另一边,天内理子一行人玩得还算尽兴。

他们划船观光,吃刨冰,在沙滩上堆沙堡,还买了几个西瓜回来玩蒙眼劈西瓜的游戏。

眼见五条悟蒙上眼睛,举着木棍在那装模作样,夏油杰没忍住戳穿了他:“这个游戏对你来说没有意义吧。”

五条家的六眼神通广大,蒙上眼睛也能视物。

可是五条悟略略略地吐舌头,表示不听,手下一棍一个西瓜,鲜红的汁流了一地,像蜿蜒的血,也像地表之下炙热的岩浆。

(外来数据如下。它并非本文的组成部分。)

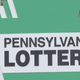 Jackpot-winning lottery ticket worth $4.5 million sold in Allegheny County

趁着娑由不在,黑发黑眼的少年便问他:“对于织田小姐不久前的那些话,你是怎么想的?”

五条悟头也不转,平淡地道了句:“什么怎么想的?”

夏油杰撑着脸颊,漆黑的眼珠子在五条悟的脸上逡迴:“老实说,我觉得她有点危险。理子的同化仪式事关咒术界,我们是高专派来的,那么身为杀手的织田小姐呢?她是被谁委派来的?”

五条悟安静地听他说。

夏油杰的表情稍稍凝重:“可能我一开始看她年龄小,是有点小瞧她了,但是从刚才她的态度中我算是知道了,她是随时都有可能和我们对立的人,如果理子当时说自己不想进行同化仪式的话,我觉得她可能真的会当场动手,说到底,她无关咒术界,忠诚的可能只有钱,这样的人你能百分百信任她吗?”

五条悟不置可否,但是他似是提醒,说:“最好别把你的那套正论套在她身上,杰。”

这么说的人神色索然,夏油杰便不多问了。

而五条悟也不劈西瓜了,抬手将蒙眼的东西一把扯掉,随手一扔,自己耷拉着眼,在夏油杰身边坐下。

夏油杰注意着他的动作,抬眼去看不远处正在堆沙堡的黑发少女。

五条悟顺着他的目光看去,片刻后咧开笑,站起身来跑过去,将对方堆好的沙堡一脚踢掉了,末了还哈哈大笑,惹得天内理子追着他跑。

等到五条悟再次回来,夏油杰才含着确认性地问了一遍:“之前我们说,如果理子不想进行同化仪式的话就取消,还作数吗?”

回答他的是五条悟不假思索的咂舌:“那当然,让一个小丫头哭哭啼啼去死,我都觉得烦了。”

这个答案不出意外,逗笑了夏油杰。